Pouvez-vous nous expliquer le titre de votre livre Libérons l’assiette de nos enfants ! ?
Notre première idée est de passer le message suivant : attention, nous sommes dans une société très hygiéniste, trouvons une autre approche de l’alimentation. On sort à peine d’une époque où l’on comptait les calories et désormais, il faut scruter les apports nutritionnels de chaque aliment. La nutrition est devenue un diktat, allons vers la souplesse. Nous avons aussi envie de dire aux parents, détendez-vous, c’est toujours utile ! Arrêtons d’être hygiénistes et faisons confiance à nos sens. Prenons l’exemple d’un yaourt dont la date limite de consommation est passée. Il suffit d’ouvrir le yaourt, de le regarder, de le sentir, de le goûter pour voir s’il est propre ou non à la consommation. Et si c’est oui, on évite ainsi de gâcher. Nous avions aussi envie de dire « libérons les papilles, exposons l’enfant à une alimentation diversifiée et sortons du tout préparé ».
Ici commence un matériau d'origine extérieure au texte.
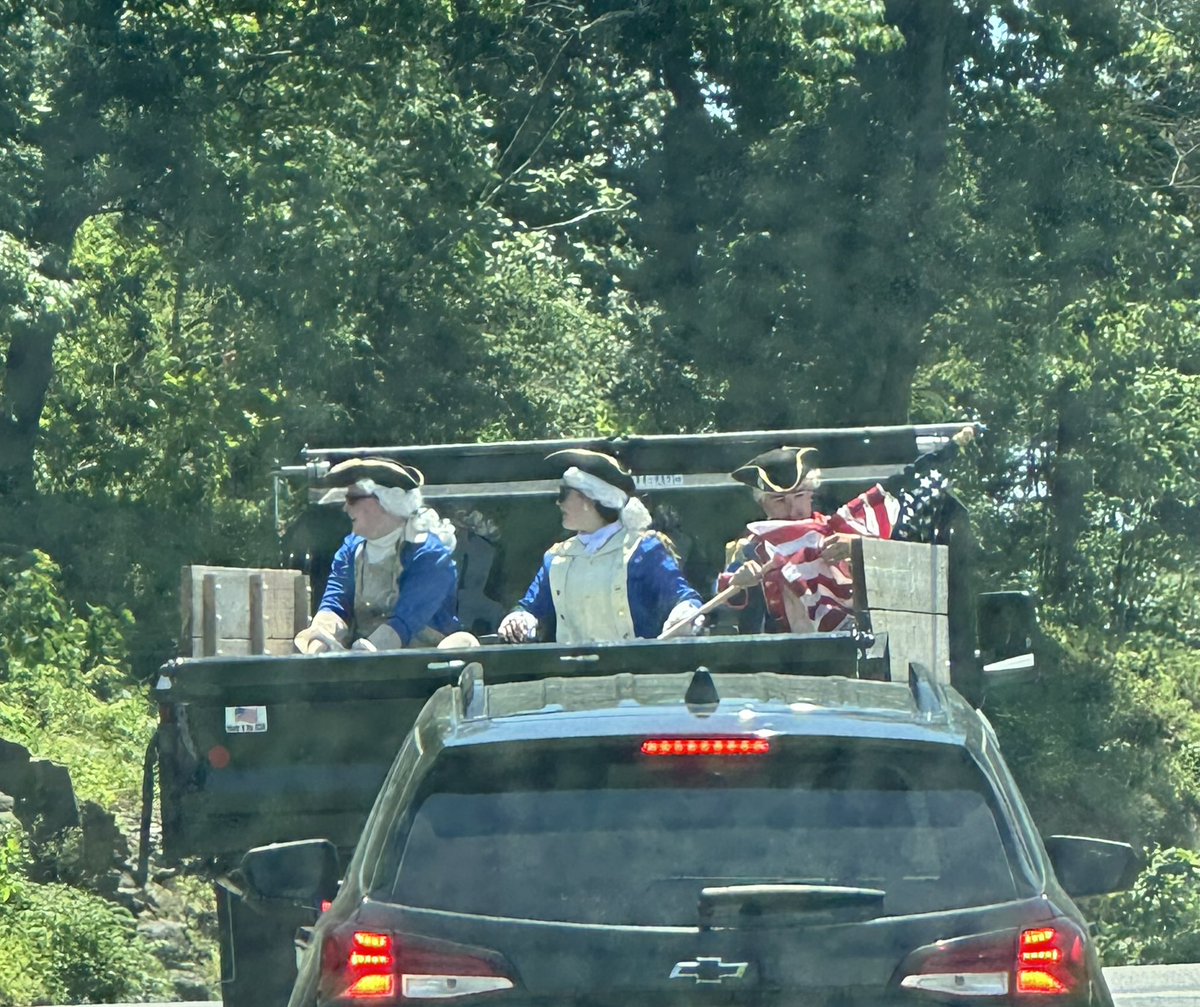 DelroyZx's tweet photo. On the way home from lunch with my family in rural SE Pennsylvania

Look at these absolute Patriots having a day 🇺🇸🇺🇸🇺🇸 https://t.co/1srAtsZO6p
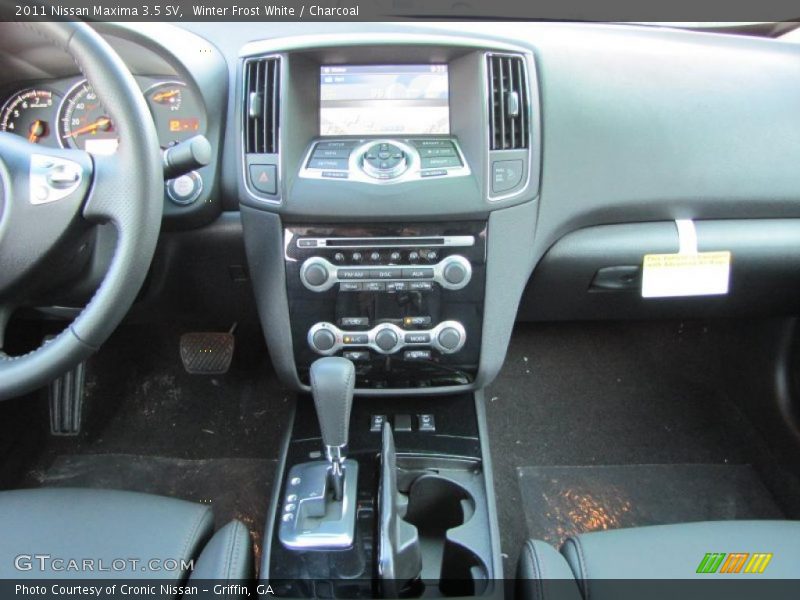 Dashboard of 2011 Maxima 3.5 SV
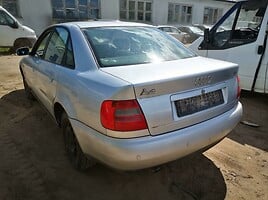 Audi A4 1997 m dalys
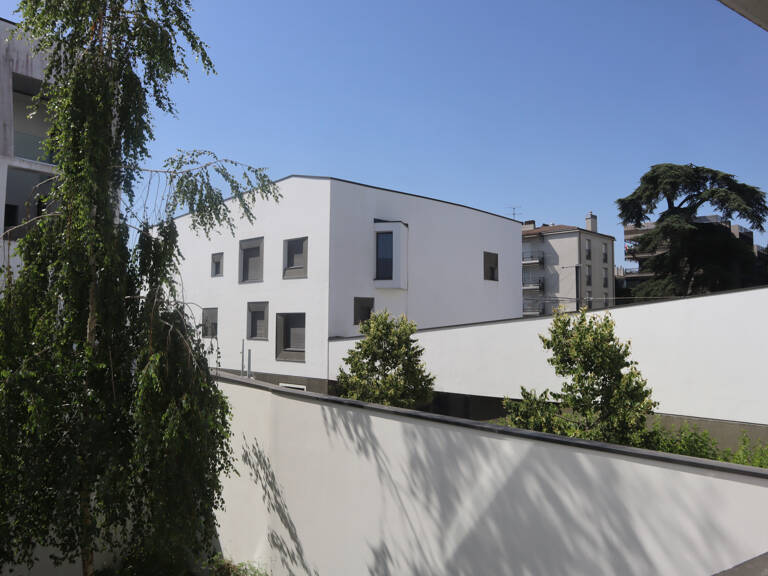 Le BOUSCAT CENTRE - Esplanade Jean Valleix (Ancien Renault) — photo 1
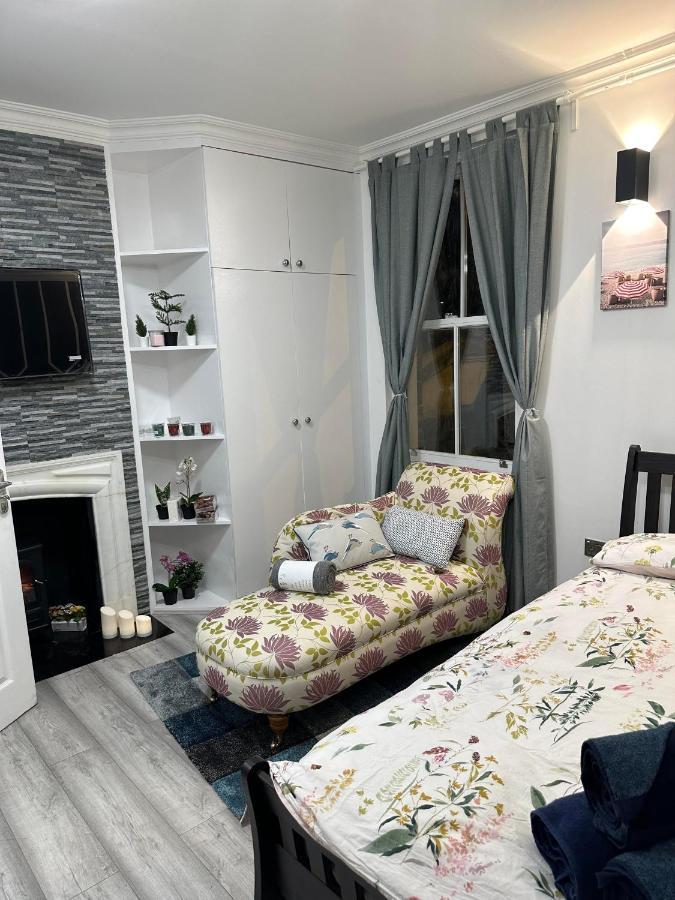 Fabulous To Acton Town Apartamento Londres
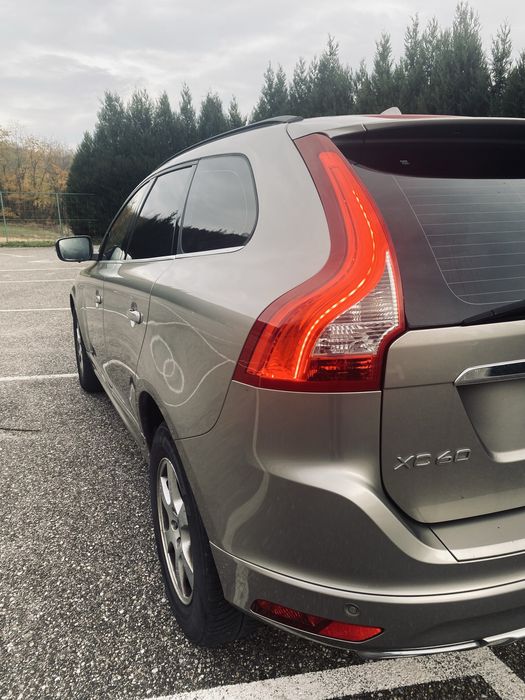 Volvo Xc 60 , R-design , an 2014 , motor 2 l diesel , 181 cp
Comment peut-on stimuler les papilles de l’enfant justement ?
L’enfant a besoin d’être éduqué dans le sens où l’on doit l’aider à évoluer. L’apprentissage du goût doit se faire accompagné par les parents. C’est normal qu’un enfant ne veuille pas mettre des choses nouvelles dans sa bouche. Prenons l’exemple du chou de Bruxelles, du pamplemousse ou du brocoli, il faut les cuisiner, les associer avec autre chose, les assaisonner pour en rendre l’approche plus facile.
Que faire face à un enfant qui ne veut manger que des pâtes ?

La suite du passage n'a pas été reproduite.